Hushmail: PGP-Erfinder Zimmermann verteidigt Datenherausgabe des Krypto-Mailproviders

[Korrupt]

Letzten Endes ist es Sache der User, sich um die Sicherheit ihrer Mails zu kümmern, so der PGP-Erfinder Phil Zimmermann über die Datenherausgabe des Mailproviders Hushmail an US-Ermittler. Man dürfe Hushmail wegen der Aktion nicht verdammen, es sei selbstmörderisch, in so einem Fall anders zu handeln.

Hushmail bietet Maildienste an, die per default PGP-verschlüsselt zwischen Hushmail-Nutzern abgewickelt werden und warb damit, nicht einmal die eigenen Mitarbeiter könnten die Mails entschlüsseln. Dennoch gaben sie mehrere CDs mit Mailwechseln an die Drogenermittlungsbehörde DEA weiter. Das Problem: nutzt ein User die Verschlüsselung per Java-Applet, kann er prinzipiell von Hushmail ein modifiziertes Applet mit Backdoor untergeschoben bekommen.

Dafür musste Hushmail erheblich Prügel einstecken. Mit Phil Zimmermann, Erfinder der PGP-Verschlüsselung ... weiterlesen

[lancore89]

Noch viel selbstmörderischer war es die Daten rauszugeben...

Scheiss Situation, oder?

[Otacon]

"Inzwischen empfiehlt Hushmail, dass niemand den Dienst nutzen sollte, der in Aktivitäten verwickelt ist, die zu richterlichen Anordnungen zur Datenherausgabe in British Columbia führen könnte."

Inzwischen sollte Hushmail vielleicht empfehlen ihren Dienst nicht mehr zu nutzen.
Erst das Blaue vom Himmel lügen "...und warb damit, nicht einmal die eigenen Mitarbeiter könnten die Mails entschlüsseln..." und dann noch selbst "ein modifiziertes Applet mit Backdoor unterschieben".

[quasimodo2000]

Das kommt davon wenn man sich um seine Online-Sicherheit nicht selber kümmert und das bischen Arbeit aus Unkenntnis oder Faulheit komplett anderen anvertraut.

Besonders wenn man wirklich was zu verbergen hat.


Mann, Mann, mit all dem Drogengeld hätten die sich 10 IT Spezialisten leisten können ...

[Wandang]

Was für ein behinderter service

sry, aber für mich hört sich das wie ne schlechte ausrede an. sie hätten ja nicht noch extra arbeit reinstecken müssen, die daten herauszu finden. das ist wie mit der "EU"-Richtlinie, die in deutschland angeblich im minimalsten umgesetzt wird.

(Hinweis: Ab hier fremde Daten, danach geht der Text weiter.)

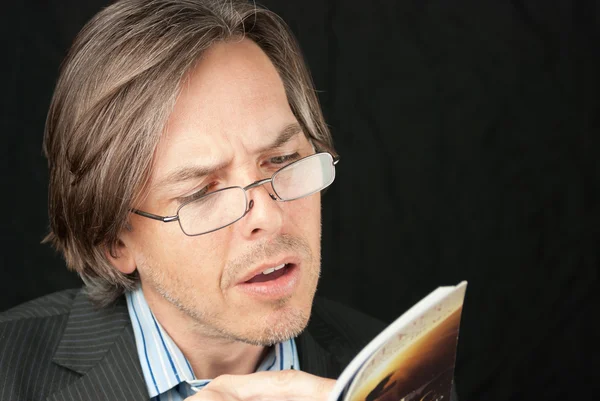 Casual Businessman Wearing Reading Glasses Reading Book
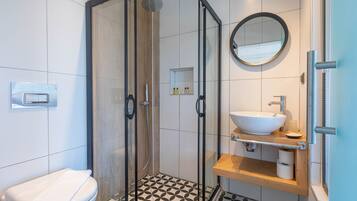 A modern bathroom with a glass-enclosed shower, a white sink, and a wooden vanity.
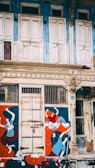 An old, weathered building facade with ornate architectural details. The upper part features closed, white wooden shutters set against a faded blue wall. Below, a door is flanked by vibrant murals of abstract human figures painted in red, blue, and orange colors.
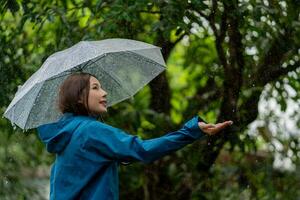 atraente jovem ásia mulher sorrindo carregando guarda-chuva e vestindo dela casaco enquanto caminhando dentro a chuva. foto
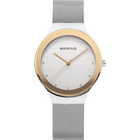 Montre BERING ronde avec boîtier or champagne, cadran blanc et bracelet en maille, vue de face.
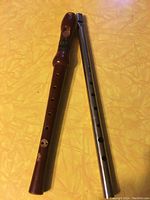 Wooden recorder and metal flute/whistle photographed side by side on a yellow surface.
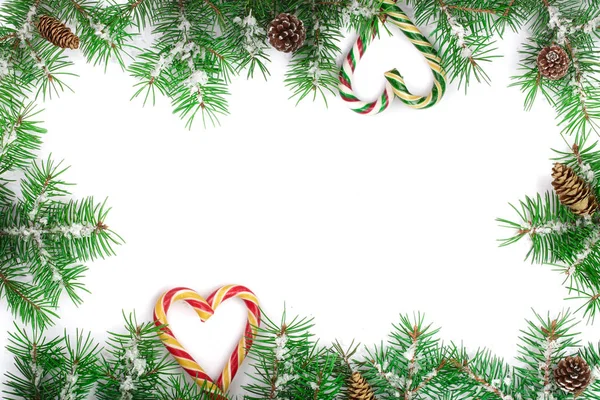 Moldura de Natal de ramo de árvore de abeto com bastões de doces e neve isolada no fundo branco com espaço de cópia para o seu texto — Fotografia de Stock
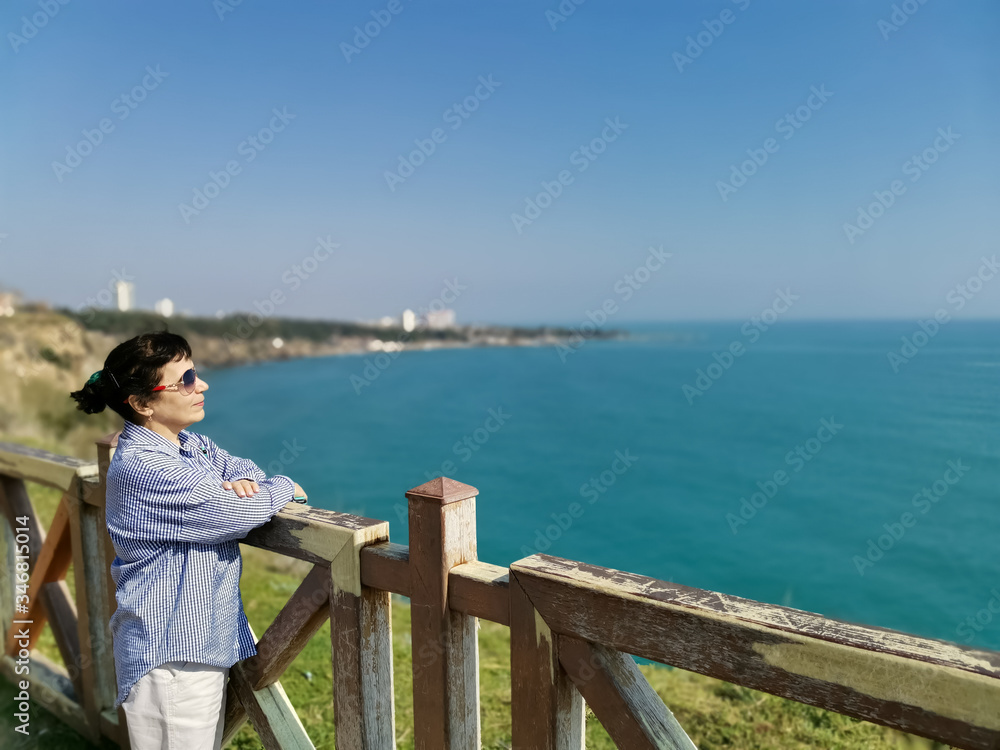 A middle-aged woman in a shirt and sunglasses stands on a high bank above the sea and looking at great distances.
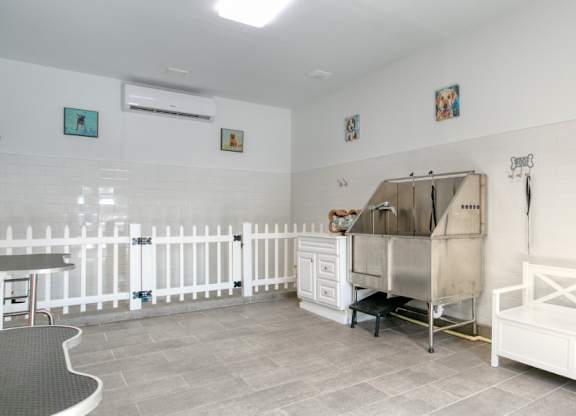 a room with a pet washing station and a white fence at Terraces at Town Center, Florida, 32256
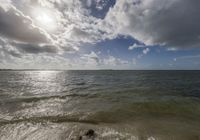 the sun is shining brightly over the water at the beach while clouds float overhead above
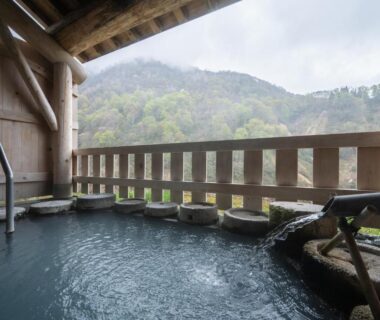 Wooden onsen bath on balcony with mountain view at Myoko Tsubame in Niigata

positiv ist die sache iwo aber auch:
1. User passen selbst auf ihre anonymität auf
2. der Dienst wird hoffentlich weniger erfolg haben, wenn nicht bakrott gehen (wofür "anonymitätsgarantie" wenn keine vorhanden???)
3. man wechselt zu open source projekten
4. user werden insgesammt kritischer

[bur]

Habe vor einigen Jahren auch eine zeitlang Hushmail benutzt, aber das war mir dann irgendwann doch zu unsicher. Denn wie sich hier zeigte, wenn man das Verschlüsseln mit unbekannten Programmen durchführt, die zudem noch direkt aus dem Netz geladen werden, das kann nicht sicher sein.

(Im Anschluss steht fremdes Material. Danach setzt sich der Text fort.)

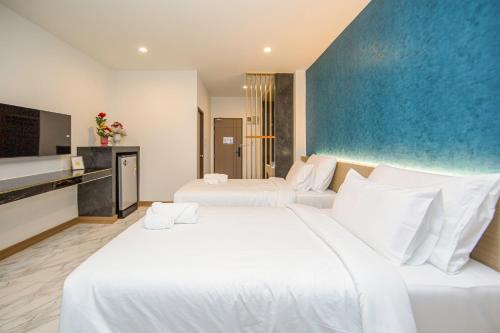 a bedroom with two white beds and a blue wall at One Sakon Nakhon Hotel in Ban Na Weng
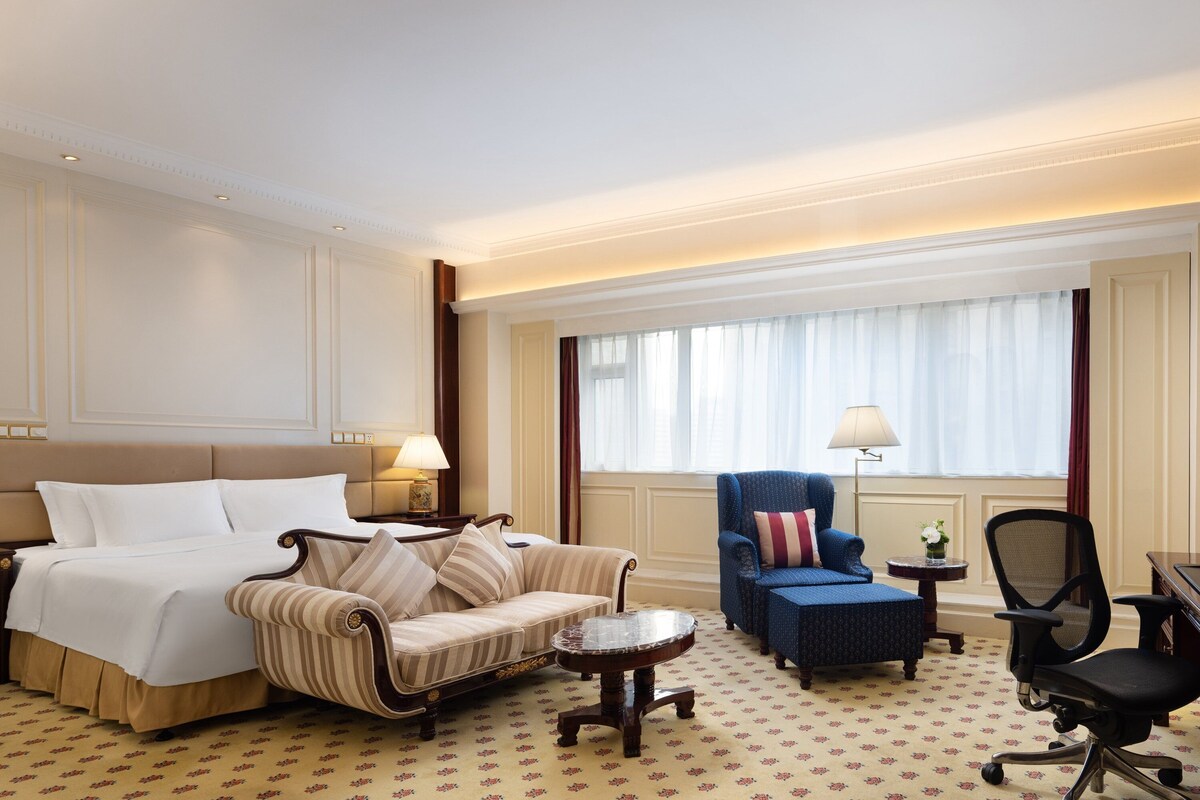 Une chambre d’hôtel comprenant un lit, un canapé, une chaise, une petite table et un bureau.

Am besten fährt man mit einem extra Offline-Recher auf dem ein Verschlüssler läuft, die verschlüsselten Mails gibt man dann per CD oder USB-Stick an einen Online-Rechner weiter und versendet von da. Dann können einem eigentlich nicht mal die Behörden per Provider reinfunken. Oder übersehe ich Möglichkeiten?

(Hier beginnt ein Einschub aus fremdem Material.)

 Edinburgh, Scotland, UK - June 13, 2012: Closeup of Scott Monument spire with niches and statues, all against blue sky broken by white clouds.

Wobei das natürlich ein ziemlicher Aufwand ist und ob das gerechtfertigt ist muss jeder selber entscheiden. Nur dass Dienste wie Hushmail eben recht weit unten stehen im Bezug auf Sicherheit ist klar. Sind halt nur komfortabler.

"EU"-Richtlinie, die in deutschland angeblich im minimalsten umgesetzt wird.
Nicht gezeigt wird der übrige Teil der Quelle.